Yeah, I'm not sure why removing the battery would be an attractive option. You'd be relying on the current owner to do something that they might not be comfortable doing or that you might not be comfortable with. I'm not sure I'd want someone to partially disassemble the light I was going to purchase unless it was a fellow enthusiast who knew what they were going. Some people aren't even slightly technical or mechanical though. It's also not like the light would be discounted with the battery removed so you'd still pay full price for it then have to take the time to drive somewhere to purchase a battery that would likely be at least the equivalent of $30 at the minimum in the Netherlands. 

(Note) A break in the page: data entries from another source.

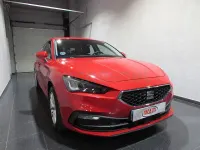 Usado Seat Leon Reference 110 CV (80 kW) 2022 Rojo Berlina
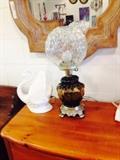 Antique 2 lite lamp and lighted swan 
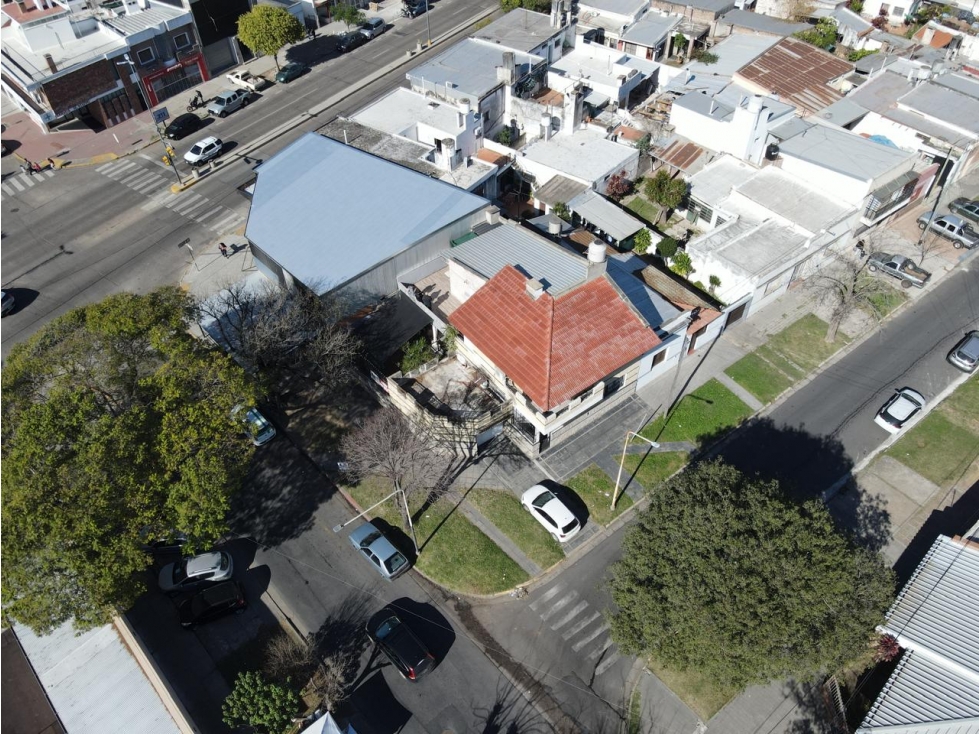 Venta Casa 3 dormitorios zona escuela Don bosco — foto 2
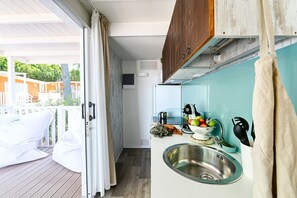 Réfrigérateur, plaque de cuisson, tables à manger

*rufusdufus*, The reason that I say it's head and shoulders above the POB is for several reasons. The first being the color temperature. The 4200K color that the N30 provides produces much more eye friendly color rendering and gets the most lumens possible from that 30W ballast. The next reason is because it uses NiMH batteries and a quick change battery pack. These battery pack is lighter and provide much better energy density over the SLA battery in the POB. The N30 has the advantage of the long run LED array built into the handle and thefore makes a great "huricane" light, camping light, or general task light and keeps it all together in one convenient package. It's also great for back-up light when the voltage is too low to run the HID bulb. The N30 is 1/3 the size and weight of the POB which is a huge difference, while the run-time and output essentially remain the same between the two lights. I also feel that the N30 is a bit more rugged than the POB. The plastic seems a bit more pliable or complient and its lower mass make falls more survivable. I've dropped the N30 several times accidentally from 30" to about 5' and it's still hanging in there. The only place where the POB has a slight advantage is in the category of throw, but then the N30 is no slouch. The N30 also apears to have a better, more reflective surface which limits it's throw disadvantage to the POB with generic reflector. 

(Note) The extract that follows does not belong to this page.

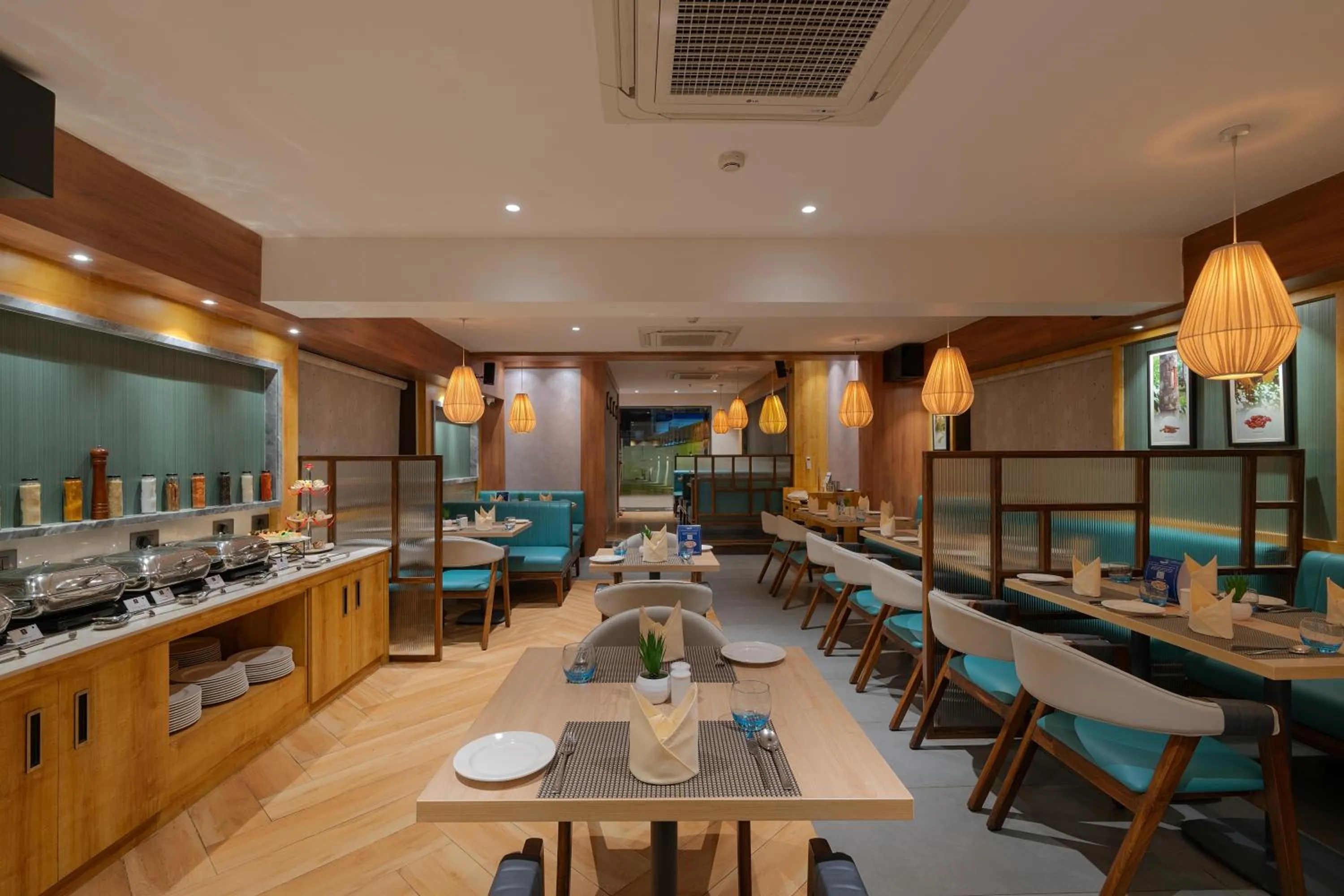 Restaurant/places to eat in Cozzet Victoria Hotel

Below are comparison pictures borrowed from *mtbkndad*'s Shootout IV thread for comparison purposes.

N30






POB






Imo, the N30 appears to producs at least an equal amount of light if not a few lumens more overall, despite the N30 being down 5W to the POB. This is about the same amount of difference I see between my POB and N30. Frankly, my Costco and POB HIDs have been doing a lot of sitting around because of the N30. The N30 and Polarion's have consistently been my "go to" HID's.
*
Photos borrowed from the Shootout IV pics, thanks to mtbkndad.


*The other reason that I like the N30 in the OP's situation is that he was going to be looking at about $50 for the POB plus $150 for shipping. With the N30 he'd be looking at just the opposite... $150 for the light and $50 for shipping. That's a far better value.


----------



## Me+Light=Addiction (Sep 16, 2008)

Very tempting to get the N30 cause of hearing that.:naughty: In the picture you clearly see the N30 being more brightly but the POB beiing able to trow farther. Hmmm going to search the internet some more and I'll come back to It soon I hope


----------



## Me+Light=Addiction (Sep 16, 2008)

Ooh and bye the way, I found this one asswell, the included picture looks pretty good don't you think? http://www.batteryjunction.com/mega-illuminator.html


----------



## BlueBeam22 (Sep 16, 2008)

Me+Light=Addiction said:


> Ooh and bye the way, I found this one asswell, the included picture looks pretty good don't you think? http://www.batteryjunction.com/mega-illuminator.html


 
The Titanium Mega Illuminator is much larger and heavier than the POB and will have more throw than the POB. It would be close to the size of a microwave oven. I don't have the Mega Illuminator but I have a light just as big and heavy as it called the "Professional's Favorite 17.5 million candlepower spotlight". The Professional's Favorite is brighter and out-throws the POB by a noticeable margin but it is so big and heavy that I almost always use the POB instead. 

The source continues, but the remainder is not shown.